Abstract:
Solar radio bursts are unambiguous and sensitive tracers of non-thermal electrons in the corona. These non-thermal electrons owe their origin to episodes of solar activity and lead to a wide variety of radio emissions, making observations of solar radio bursts a very useful probe of solar activity. These emissions are usually bright enough to outshine the quiescent solar emission. The well known classes of solar radio bursts differ dramatically in their appearance in the time-frequency plane and carry useful information about solar activity, especially when combined with observations in higher frequency bands (EUV and X-ray). Spectrographs have been the most commonly used tool for observing solar radio bursts and have played a pivotal role in building our current understanding of these phenomena.
With notably few exceptions, these radio spectrographs have been operating in what is traditionally referred to as low radio frequency bands (< 500 MHz), and the nature of these burst emissions in higher parts of the radio band are yet to be studied in similar detail. This project focuses on studying the archival data from a solar radio observatory operated by the National Institute of Information and Communications Technology (NICT), Japan, namely the YAMAGAWA radio spectrograph, which has been operating since 2016 to the present times covering the band from 70-9000 MHz. The instrument cover bands well beyond the traditional low frequency bands, observe routinely from sunrise to sunset with comparatively few data gaps, provide good quality data including L and R polarizations and span a period of 10 years.
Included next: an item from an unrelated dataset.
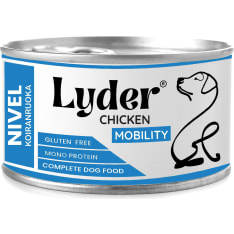 Lyder Nivel 400 g koiran erikoisruoka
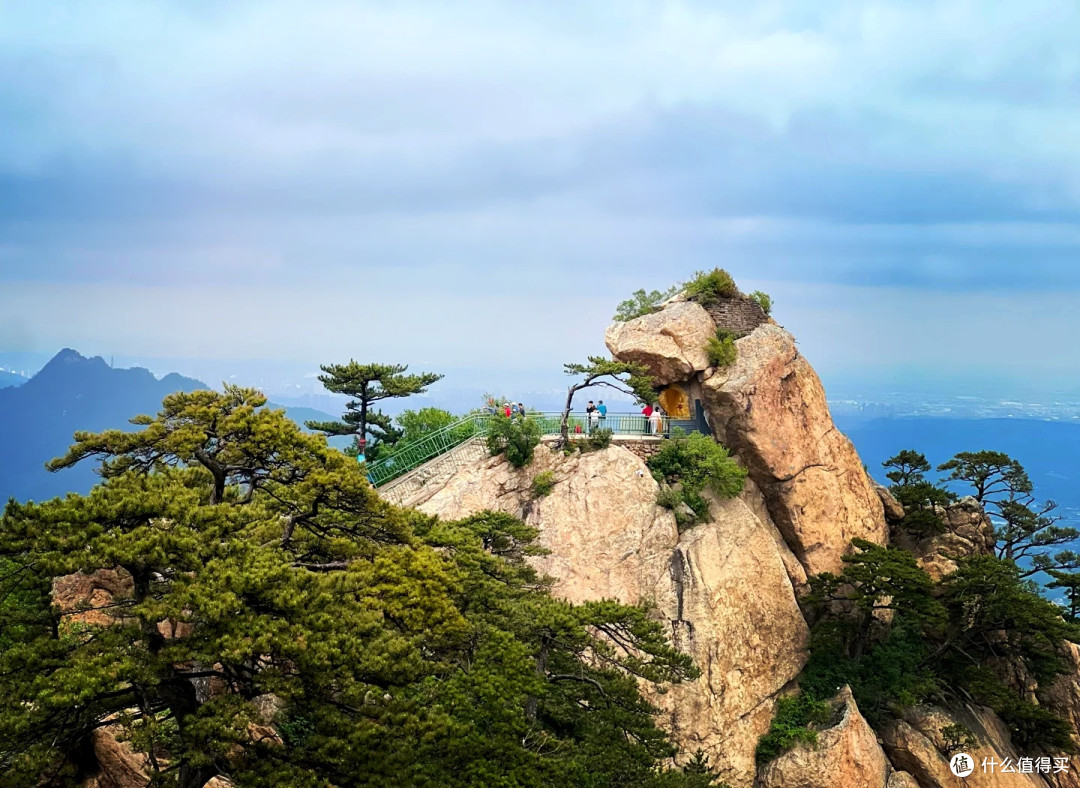 周末旅游记：辽宁鞍山千山之行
Algorithms for the detection and the classification of bursts was implemented on the data provided by the instrument. The data required extensive pre-processing before the implementation of detection algorithms. The study also explore feature detection and extraction algorithms using contours and other algorithms for a robust detection of solar signal. Further more two machine learning models were implemented on the data to detect bursts - Random Forest Classifier and YOLO. The insights gained from this study make future investigations more practical and impactful survey of solar radio bursts in the YAMAGAWA data; the algorithms heuristics used in this study are transferable to other telescopes.